(Stored items)
========
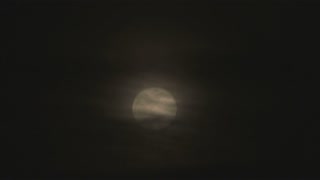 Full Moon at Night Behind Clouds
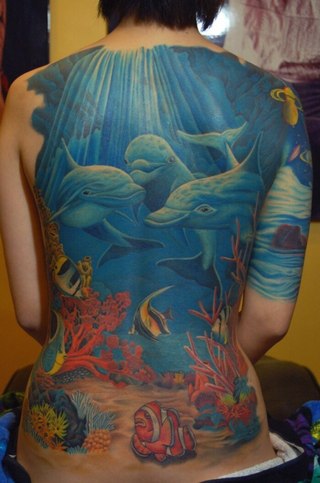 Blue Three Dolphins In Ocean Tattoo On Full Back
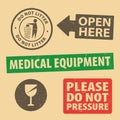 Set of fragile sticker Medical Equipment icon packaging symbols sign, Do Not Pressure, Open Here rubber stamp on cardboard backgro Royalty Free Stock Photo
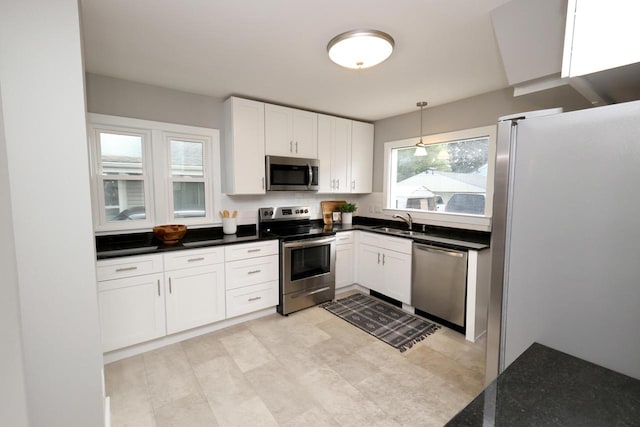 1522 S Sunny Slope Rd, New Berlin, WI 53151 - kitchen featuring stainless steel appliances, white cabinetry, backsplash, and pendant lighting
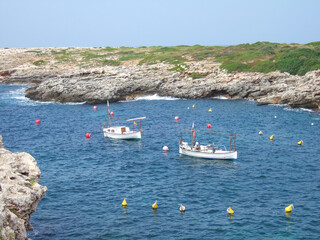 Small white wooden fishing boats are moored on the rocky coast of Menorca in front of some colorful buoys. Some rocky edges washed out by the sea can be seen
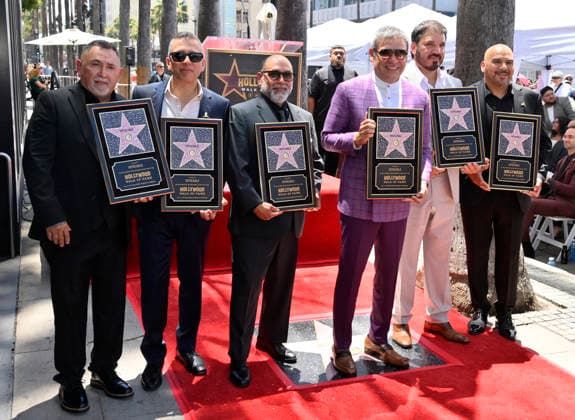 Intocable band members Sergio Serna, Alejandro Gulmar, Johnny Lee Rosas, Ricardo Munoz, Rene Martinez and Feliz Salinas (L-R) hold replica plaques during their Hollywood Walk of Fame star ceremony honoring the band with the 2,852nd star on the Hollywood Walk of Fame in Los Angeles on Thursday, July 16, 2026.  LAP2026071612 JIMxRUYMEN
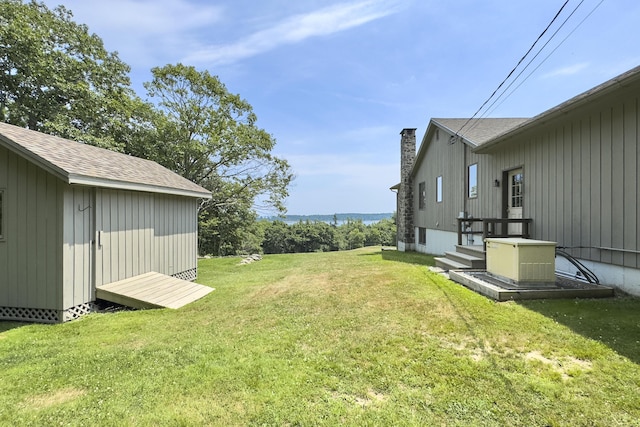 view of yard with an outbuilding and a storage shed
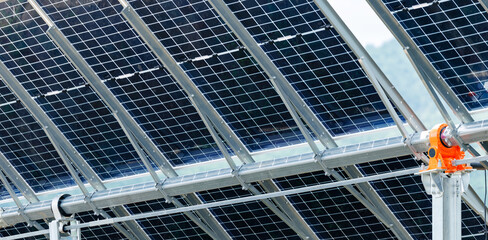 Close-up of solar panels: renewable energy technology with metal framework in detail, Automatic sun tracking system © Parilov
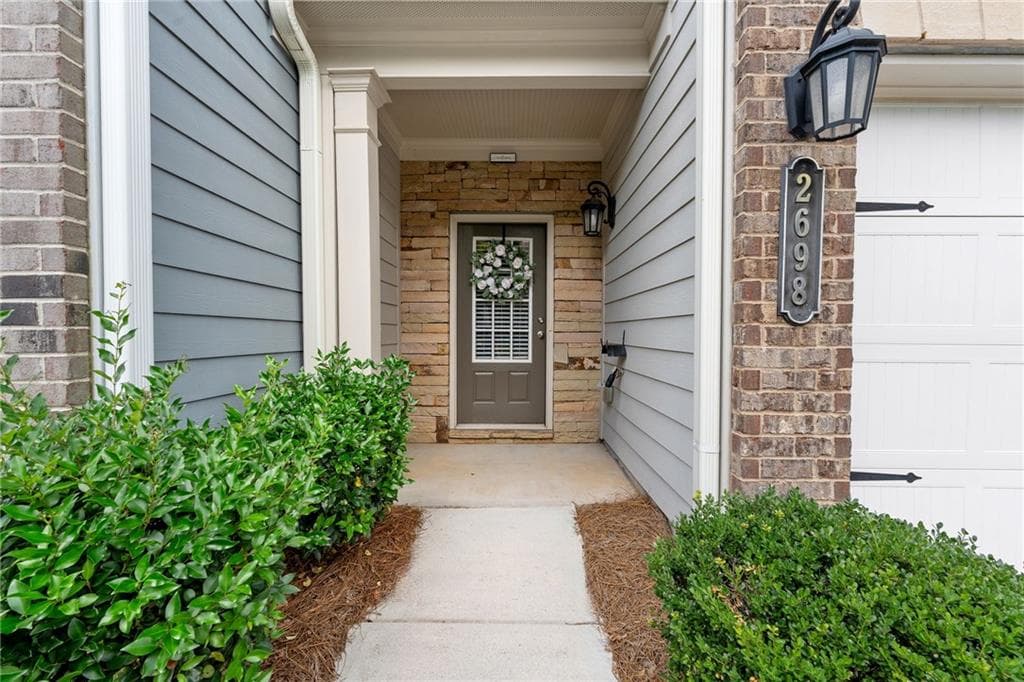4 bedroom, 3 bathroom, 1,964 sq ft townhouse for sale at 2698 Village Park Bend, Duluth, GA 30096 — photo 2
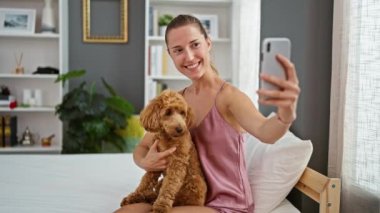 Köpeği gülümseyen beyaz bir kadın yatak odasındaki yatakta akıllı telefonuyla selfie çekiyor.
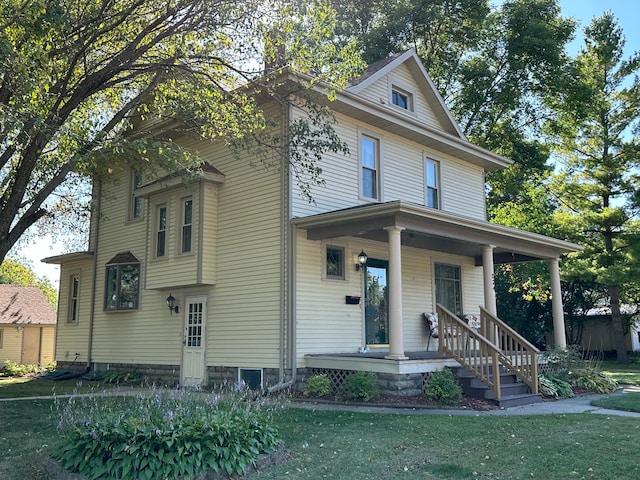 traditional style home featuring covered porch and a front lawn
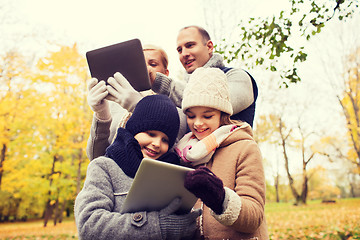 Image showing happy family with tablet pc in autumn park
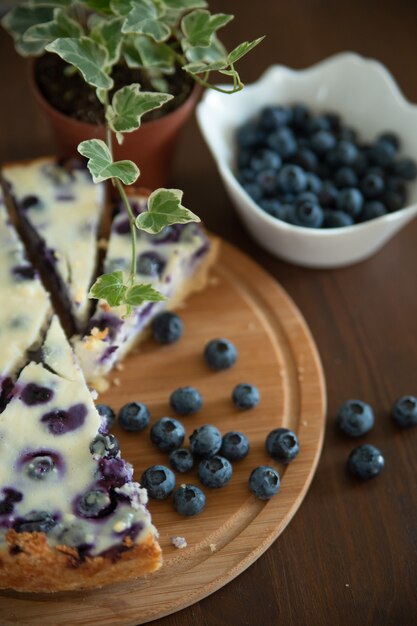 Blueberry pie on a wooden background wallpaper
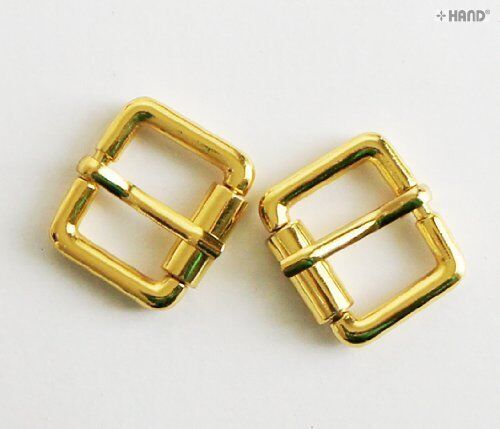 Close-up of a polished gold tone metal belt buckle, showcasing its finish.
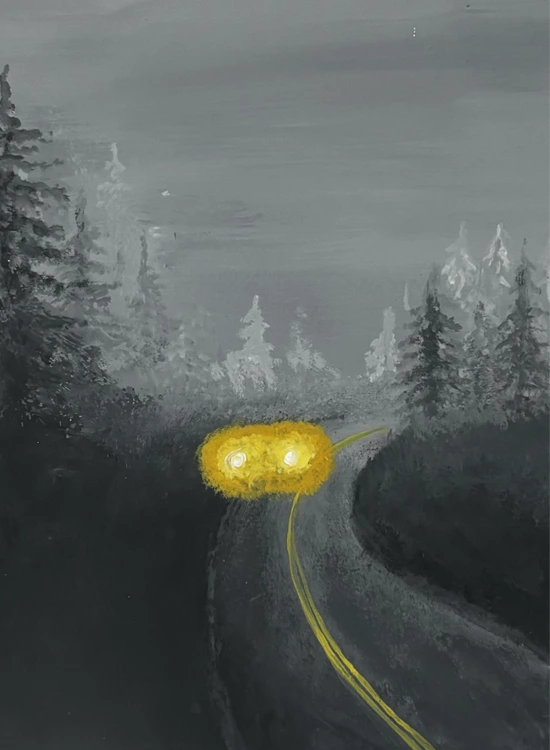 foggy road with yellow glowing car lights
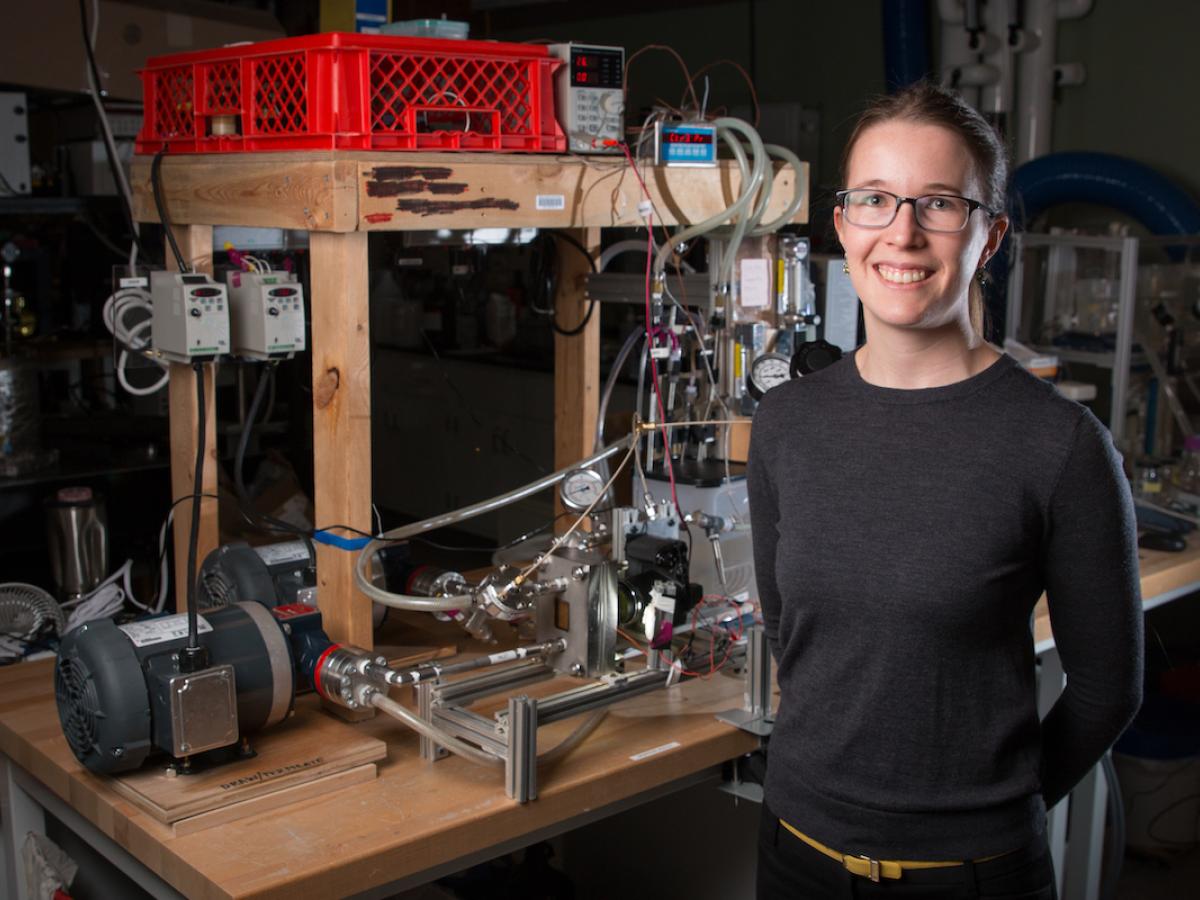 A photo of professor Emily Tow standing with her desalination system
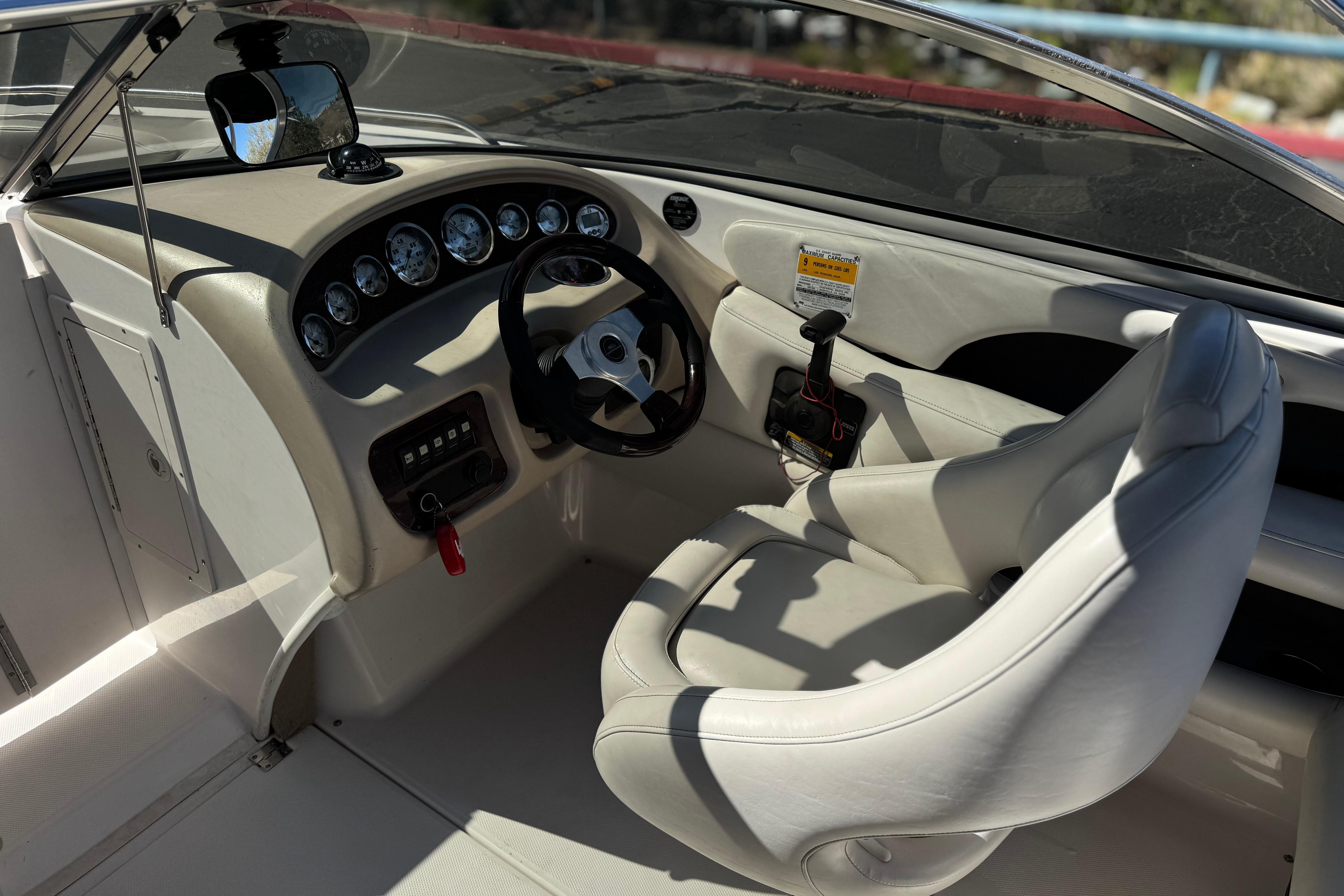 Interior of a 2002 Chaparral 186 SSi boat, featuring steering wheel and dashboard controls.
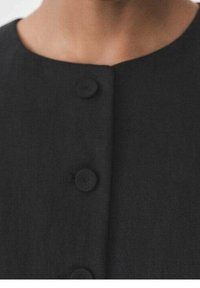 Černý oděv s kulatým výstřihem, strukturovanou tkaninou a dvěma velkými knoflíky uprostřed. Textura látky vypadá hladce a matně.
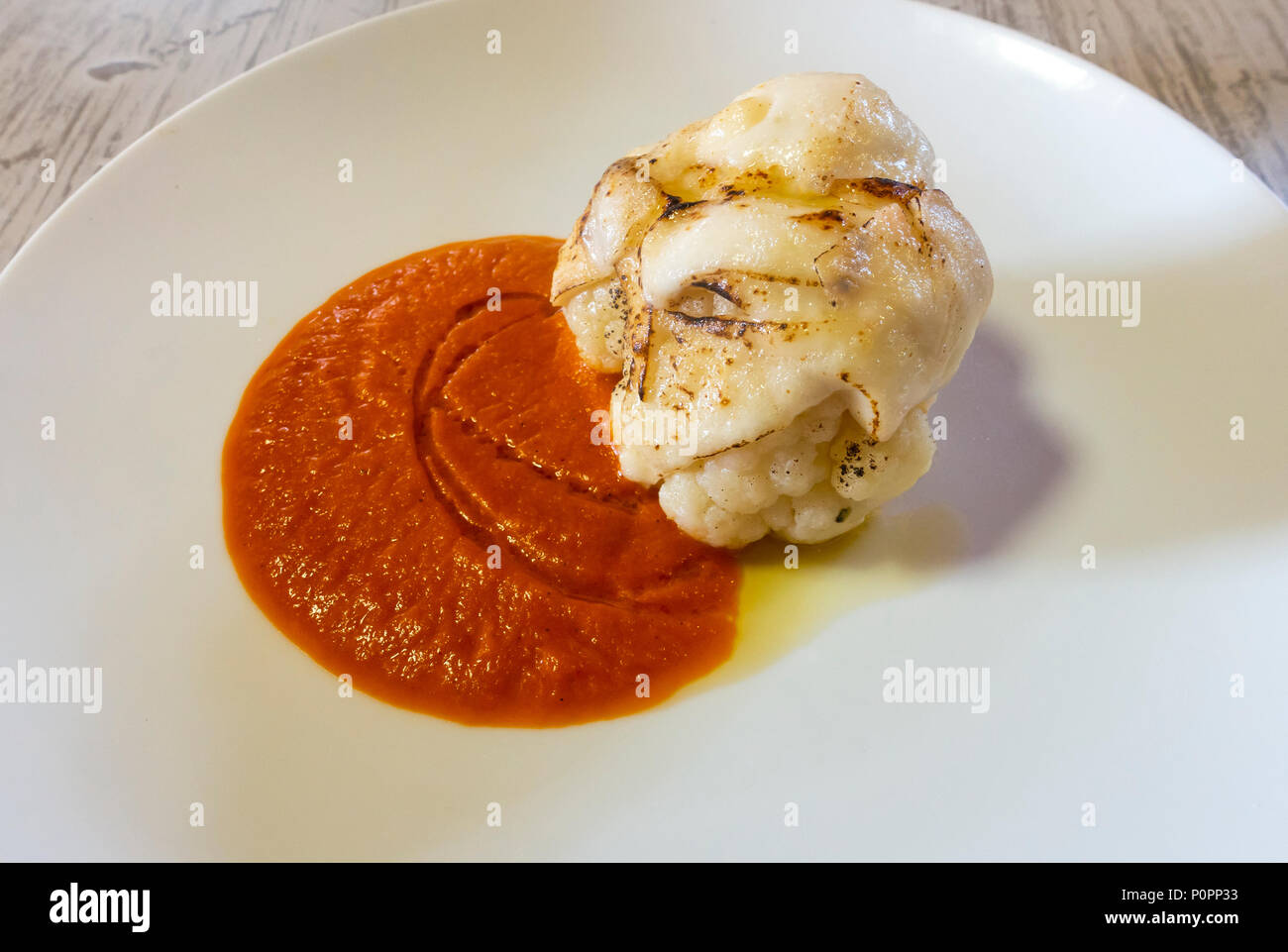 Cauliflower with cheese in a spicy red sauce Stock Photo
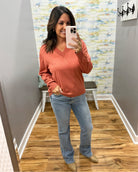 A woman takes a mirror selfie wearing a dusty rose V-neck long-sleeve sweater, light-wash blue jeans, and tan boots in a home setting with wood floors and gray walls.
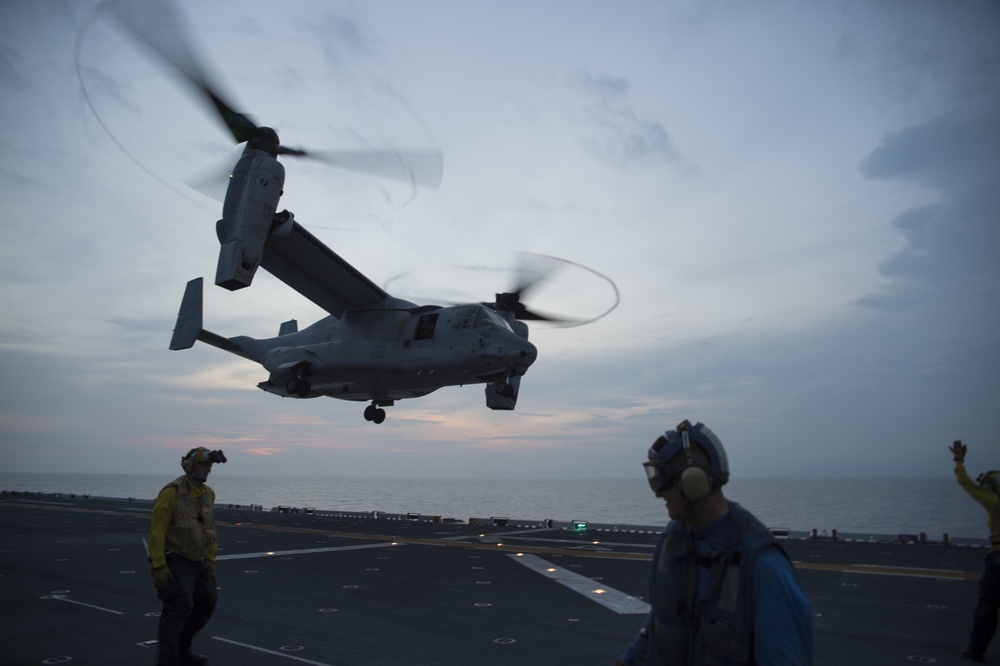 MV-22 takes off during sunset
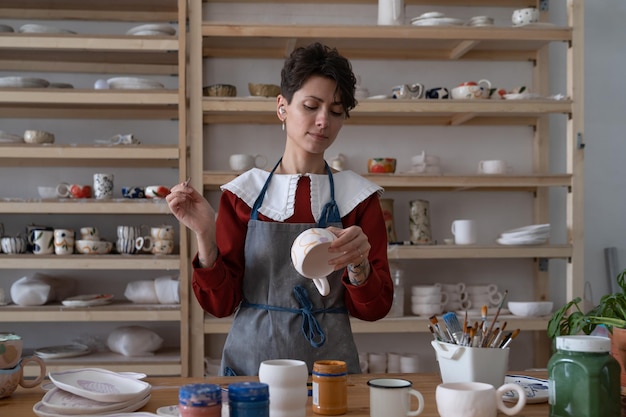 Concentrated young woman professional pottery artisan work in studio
========
*ACTIVITY*.
With the pictures omitted, copy the entries above exactly from the line containing "Intocable band members" through the line containing "Interior of a", both lines included.

*ANSWER SPACE*.
 Intocable band members Sergio Serna, Alejandro Gulmar, Johnny Lee Rosas, Ricardo Munoz, Rene Martinez and Feliz Salinas (L-R) hold replica plaques during their Hollywood Walk of Fame star ceremony honoring the band with the 2,852nd star on the Hollywood Walk of Fame in Los Angeles on Thursday, July 16, 2026.  LAP2026071612 JIMxRUYMEN
 view of yard with an outbuilding and a storage shed
 Close-up of solar panels: renewable energy technology with metal framework in detail, Automatic sun tracking system © Parilov
4 bedroom, 3 bathroom, 1,964 sq ft townhouse for sale at 2698 Village Park Bend, Duluth, GA 30096 — photo 2
 Köpeği gülümseyen beyaz bir kadın yatak odasındaki yatakta akıllı telefonuyla selfie çekiyor.
 traditional style home featuring covered porch and a front lawn
 Image showing happy family with tablet pc in autumn park
 Blueberry pie on a wooden background wallpaper
 Close-up of a polished gold tone metal belt buckle, showcasing its finish.
 foggy road with yellow glowing car lights
 A photo of professor Emily Tow standing with her desalination system
 Interior of a 2002 Chaparral 186 SSi boat, featuring steering wheel and dashboard controls.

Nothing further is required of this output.